#### Work task
Everything from the line with "SENSOR ROTACION CIGUEÑAL" through the final line of the listing below must be retyped exactly, apart from the pictures.

#### Recorded information
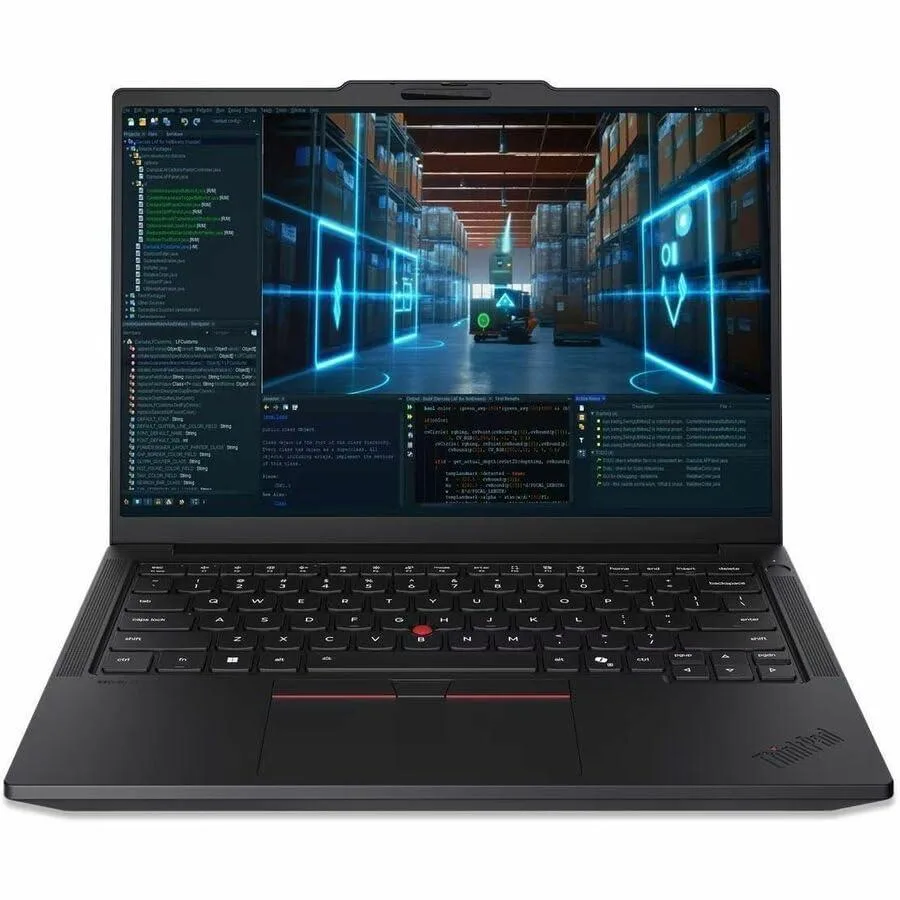 Lenovo Lenovo ThinkPad P14s Gen 7 21X0000GUS laptop AMD Ryzen AI 7 PRO 450 32 GB 512 GB SSD — product photo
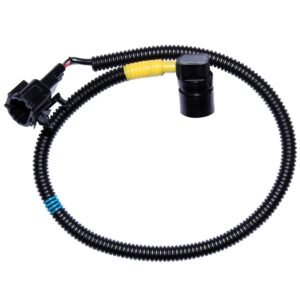 SENSOR ROTACION CIGUEÑAL ORIGINAL NISSAN TERRANO D22 3.0CC AÑOS 03/06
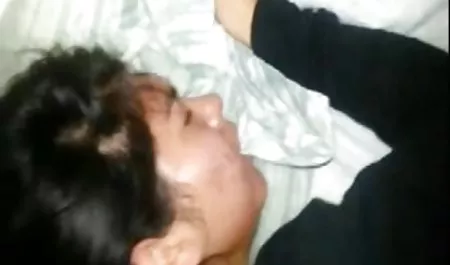 Koca sıcak ev hanımı Shanda Fay dilatasyon adult yetişkin film krem kedi cum!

#### Solution for this problem
 SENSOR ROTACION CIGUEÑAL ORIGINAL NISSAN TERRANO D22 3.0CC AÑOS 03/06
 Koca sıcak ev hanımı Shanda Fay dilatasyon adult yetişkin film krem kedi cum!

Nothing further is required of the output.